— Assignment —
Quote the records that follow in full and exactly; leave out the pictures.

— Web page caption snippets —
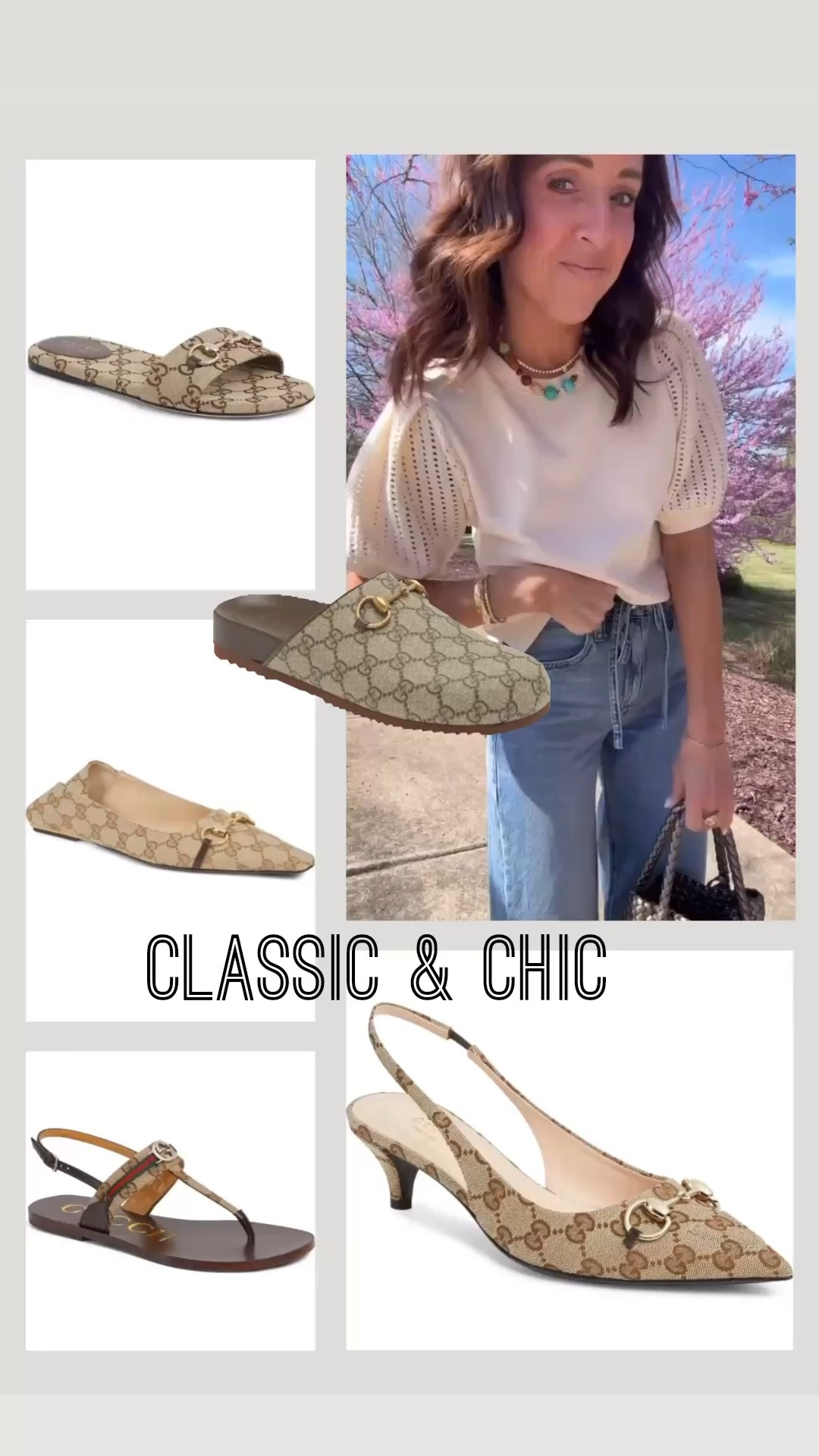 A splurge but classic and so chic. 
Gucci shoes to elevate any outfit  

#LTKSeasonal #LTKOver40 #LTKmomlife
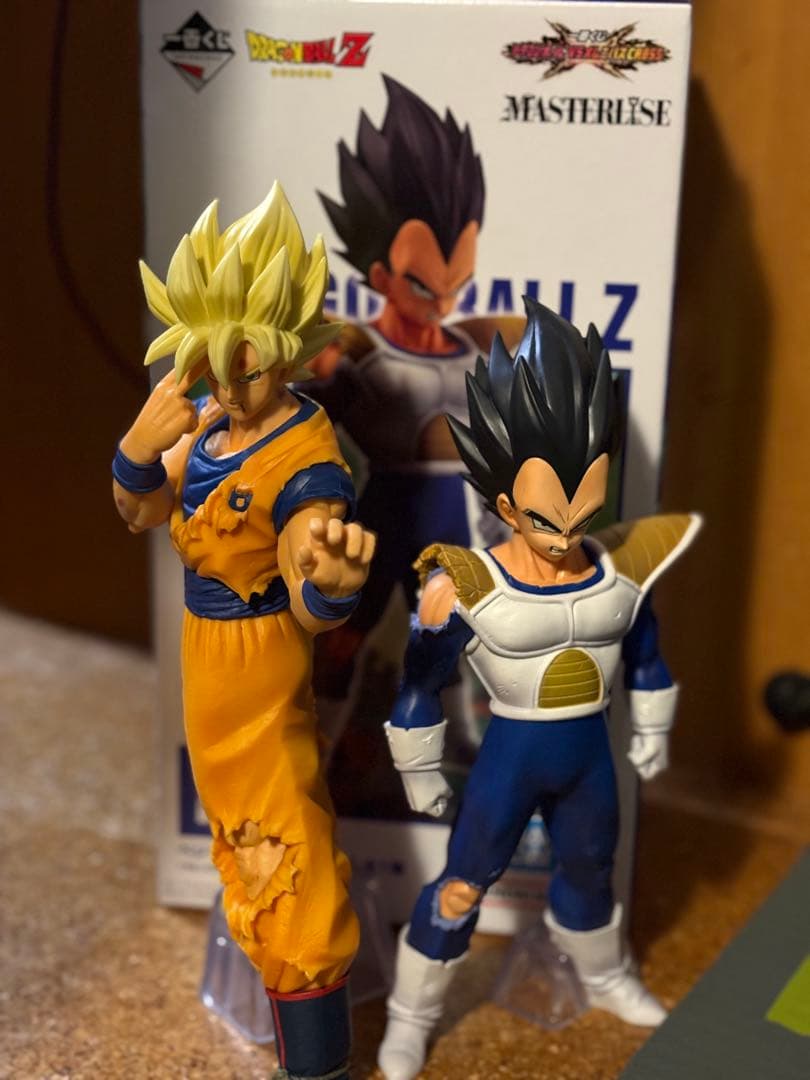 一番くじ オムニバスクロス ドラゴンボール D賞 フィギュア ベジータ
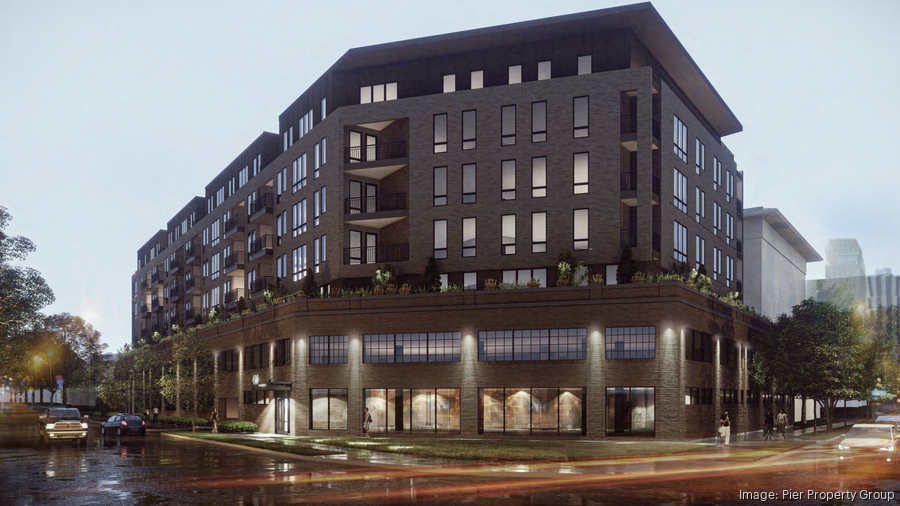 Pier Property Group proposes adding apartment tower atop 1920sera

— Task answer —
 A splurge but classic and so chic. 
Gucci shoes to elevate any outfit  

#LTKSeasonal #LTKOver40 #LTKmomlife
 一番くじ オムニバスクロス ドラゴンボール D賞 フィギュア ベジータ
 Pier Property Group proposes adding apartment tower atop 1920sera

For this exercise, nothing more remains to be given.